[[ SOURCE DATA, beginning ]]
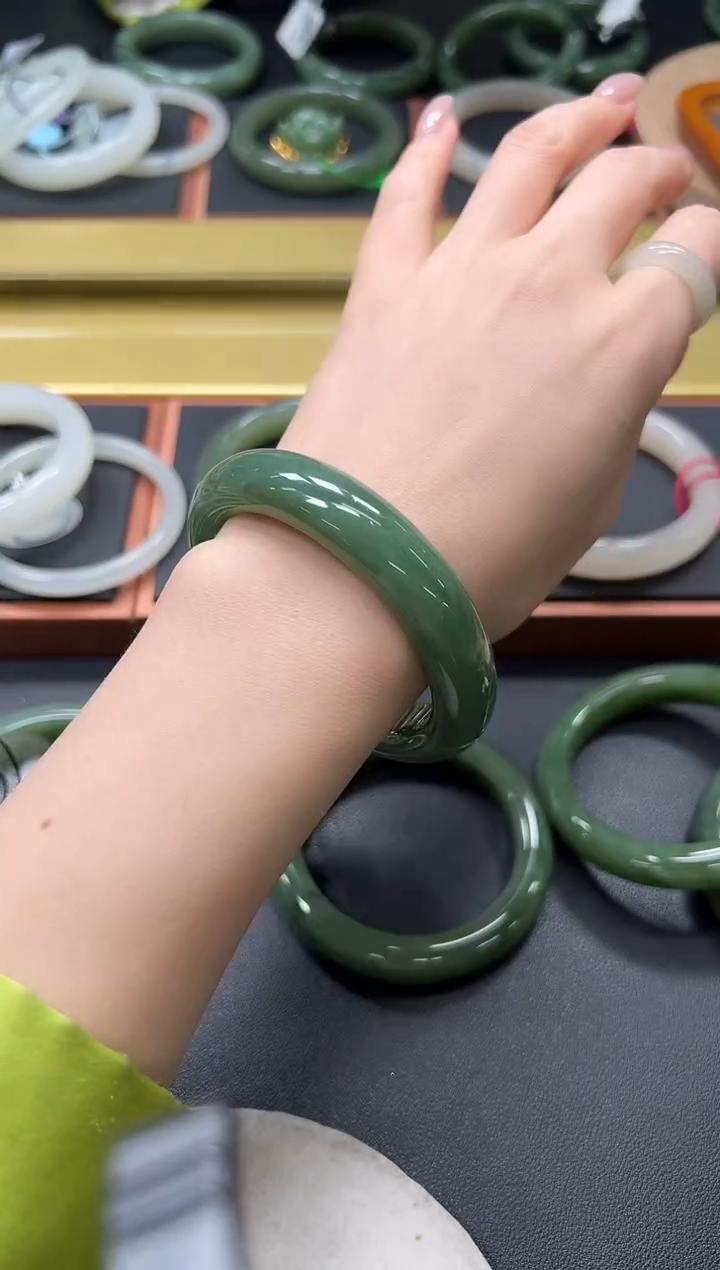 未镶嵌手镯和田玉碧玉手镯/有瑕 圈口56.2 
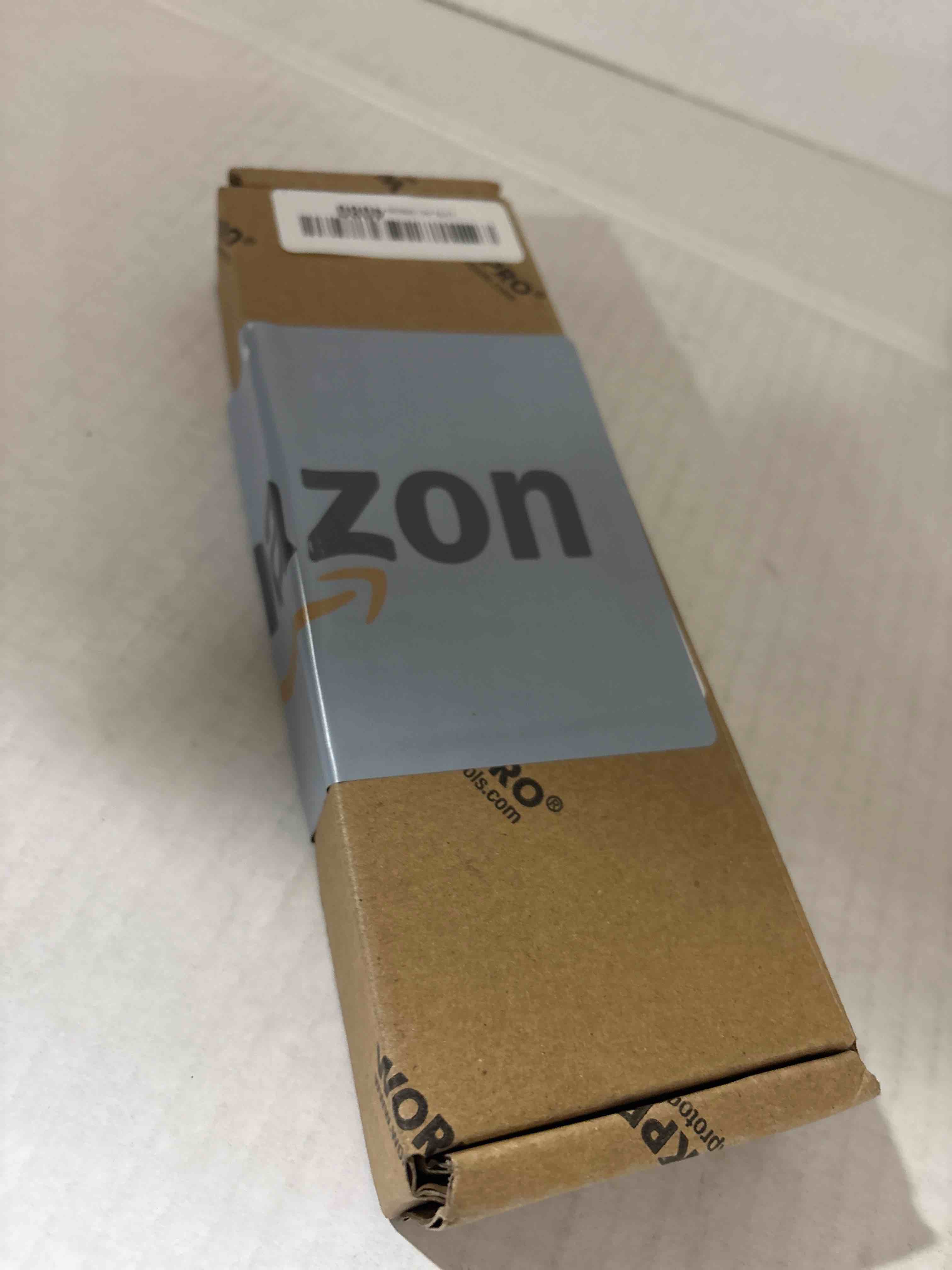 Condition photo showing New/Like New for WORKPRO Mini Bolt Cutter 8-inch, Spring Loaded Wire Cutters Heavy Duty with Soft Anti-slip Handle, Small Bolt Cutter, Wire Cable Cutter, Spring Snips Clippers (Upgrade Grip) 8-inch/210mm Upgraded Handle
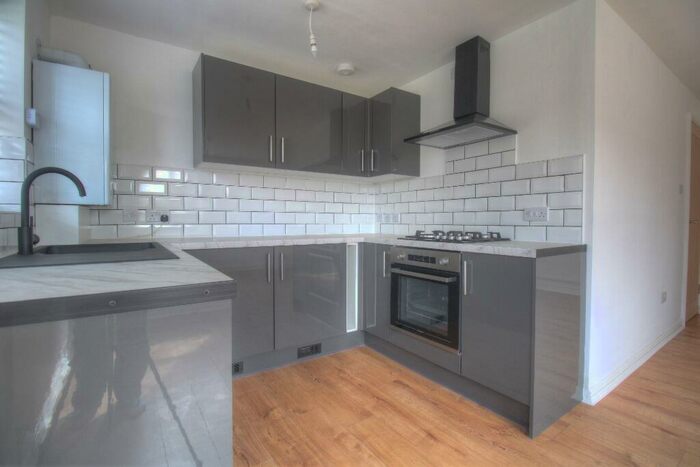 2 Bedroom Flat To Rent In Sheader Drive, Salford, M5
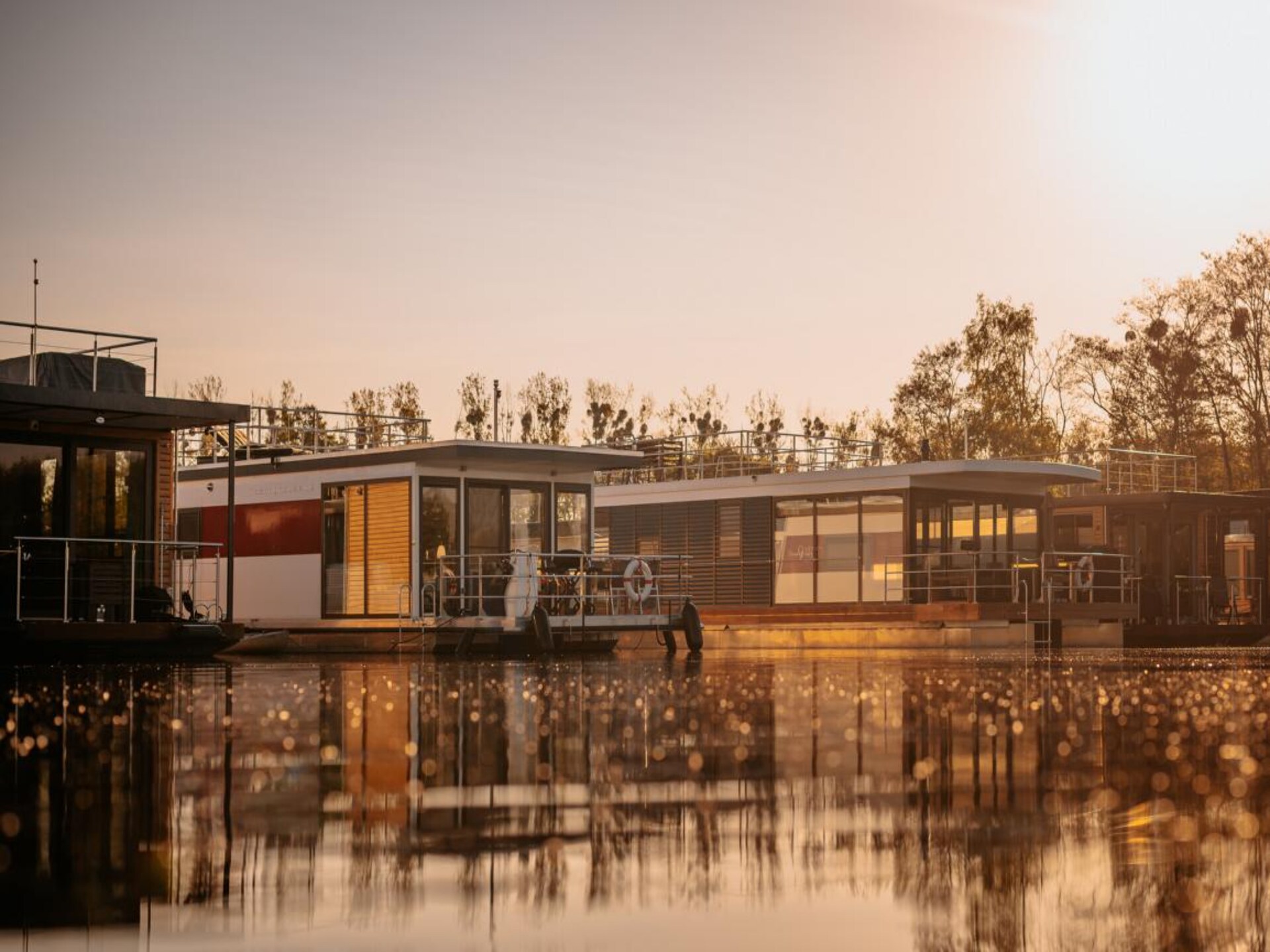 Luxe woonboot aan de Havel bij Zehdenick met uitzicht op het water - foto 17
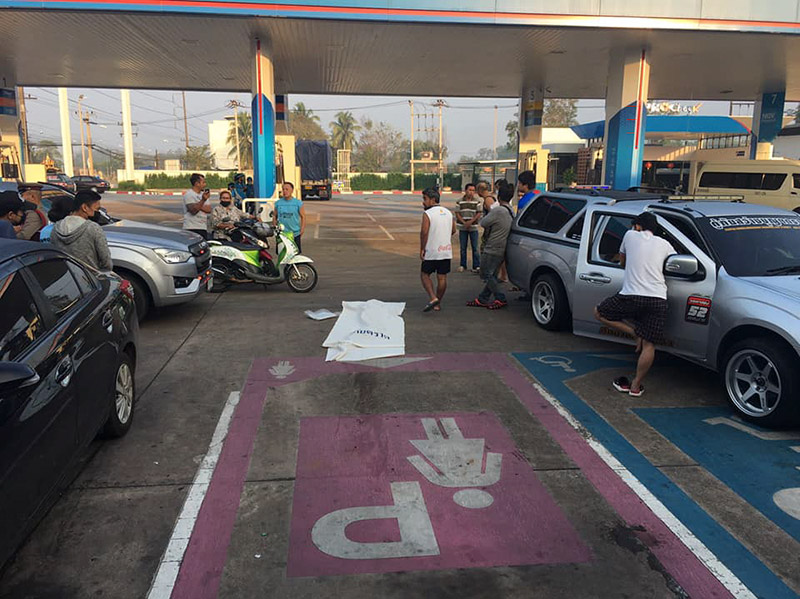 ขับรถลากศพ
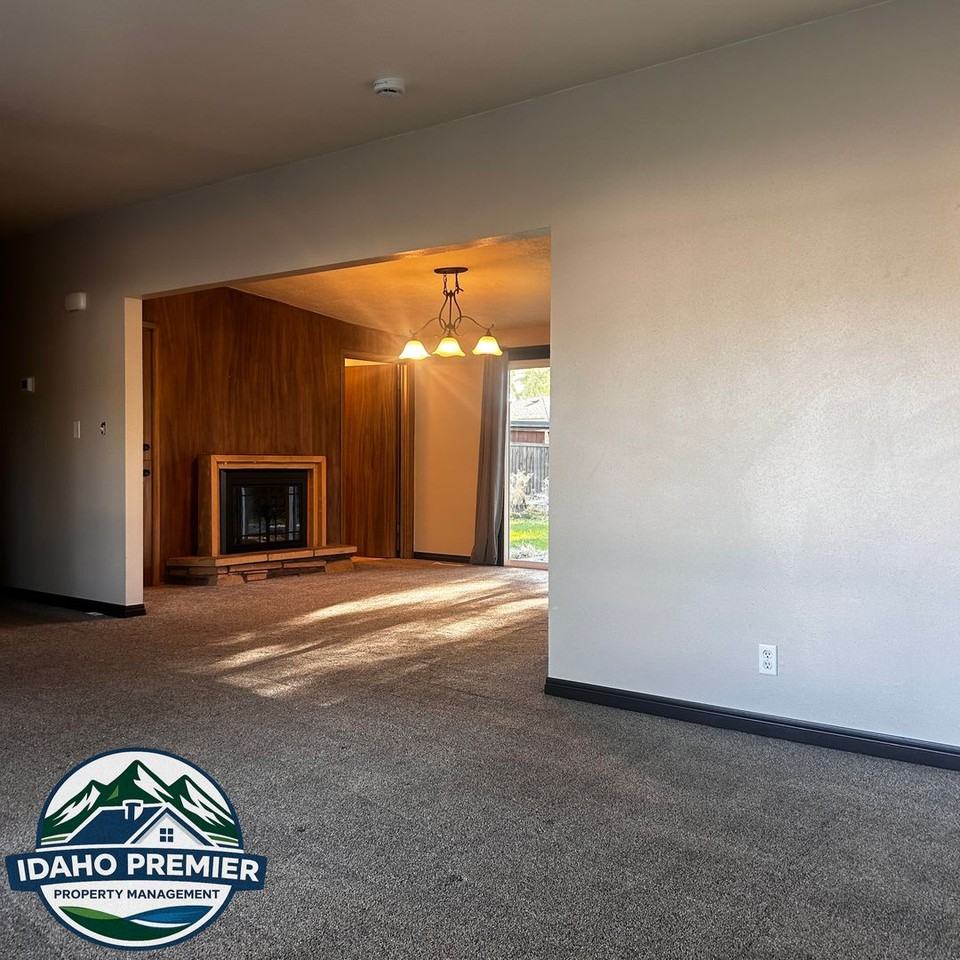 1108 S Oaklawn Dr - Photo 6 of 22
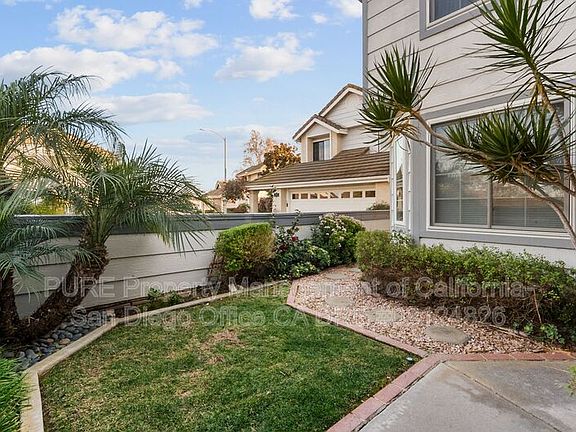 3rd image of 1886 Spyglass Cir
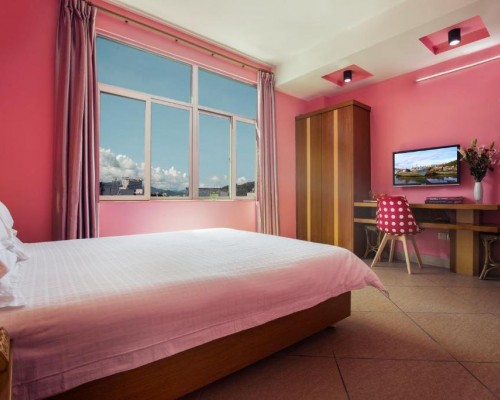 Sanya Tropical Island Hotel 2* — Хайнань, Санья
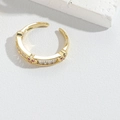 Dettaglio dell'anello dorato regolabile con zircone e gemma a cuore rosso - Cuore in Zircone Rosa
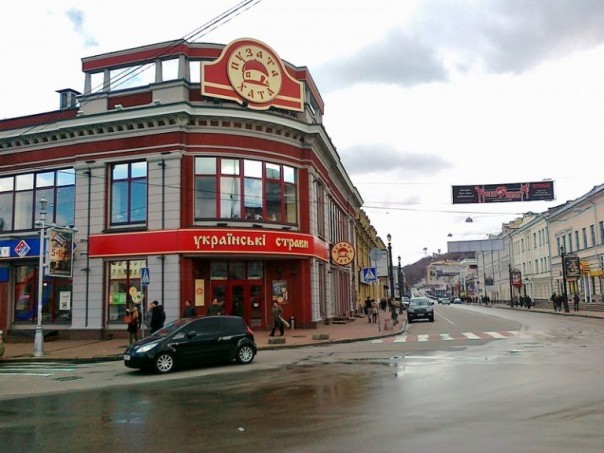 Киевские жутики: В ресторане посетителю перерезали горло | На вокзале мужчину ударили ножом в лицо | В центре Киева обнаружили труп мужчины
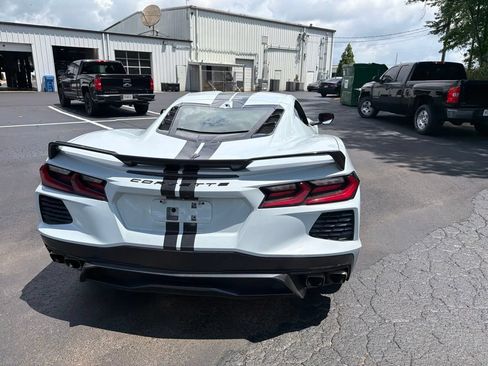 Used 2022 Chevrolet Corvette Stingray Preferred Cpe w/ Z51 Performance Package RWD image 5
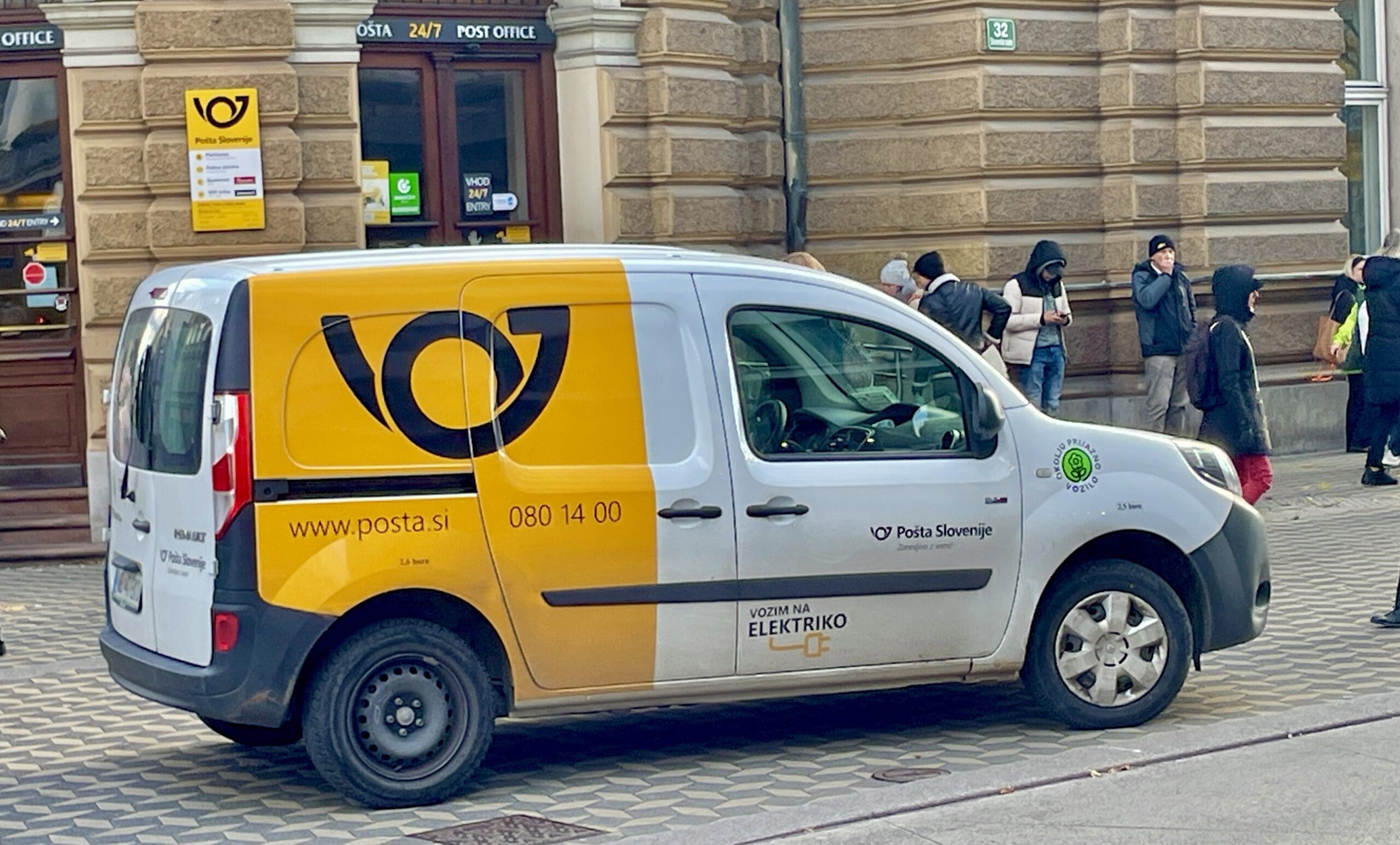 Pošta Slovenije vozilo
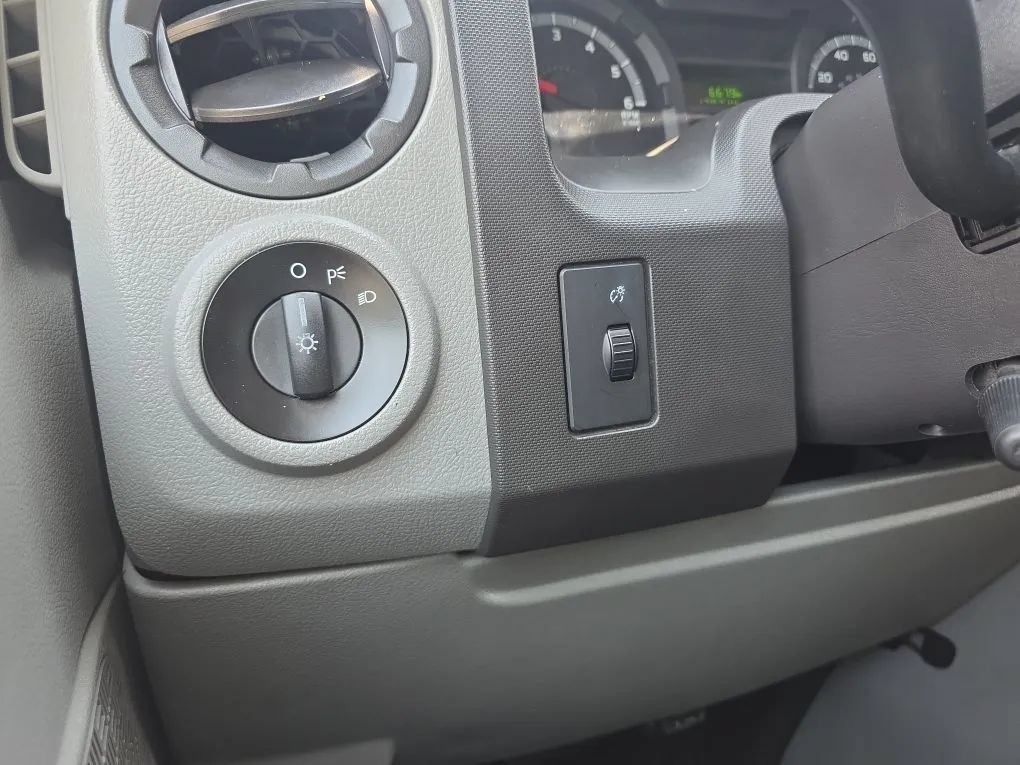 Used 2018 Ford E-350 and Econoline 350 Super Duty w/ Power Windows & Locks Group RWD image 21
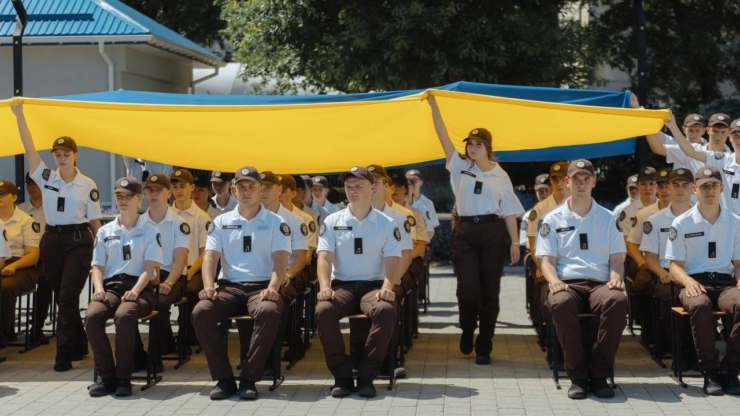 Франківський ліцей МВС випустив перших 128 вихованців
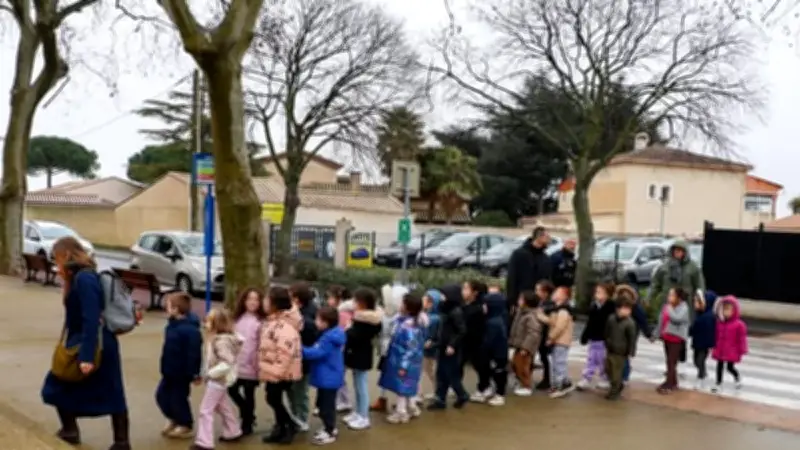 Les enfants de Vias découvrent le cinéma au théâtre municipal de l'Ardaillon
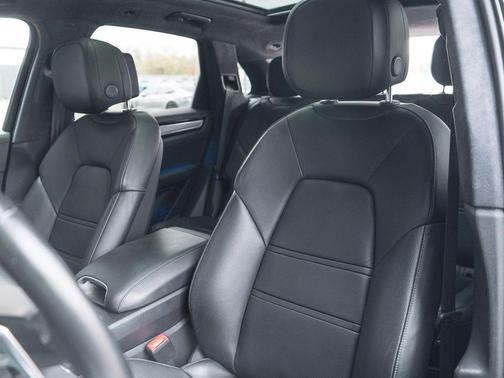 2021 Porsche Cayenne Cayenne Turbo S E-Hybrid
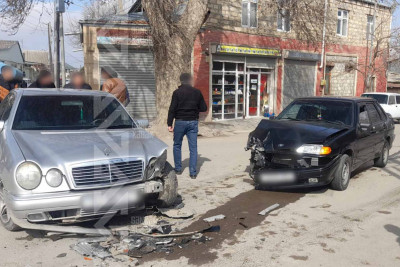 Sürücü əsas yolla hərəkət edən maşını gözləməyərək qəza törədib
[[ SOURCE DATA, end ]]
YOUR ASSIGNMENT: Copy out nothing but the lines from the beginning of the records through the one that contains "Condition photo showing". Skip the pictures.

RESPONSE AREA:
 未镶嵌手镯和田玉碧玉手镯/有瑕 圈口56.2 
 Condition photo showing New/Like New for WORKPRO Mini Bolt Cutter 8-inch, Spring Loaded Wire Cutters Heavy Duty with Soft Anti-slip Handle, Small Bolt Cutter, Wire Cable Cutter, Spring Snips Clippers (Upgrade Grip) 8-inch/210mm Upgraded Handle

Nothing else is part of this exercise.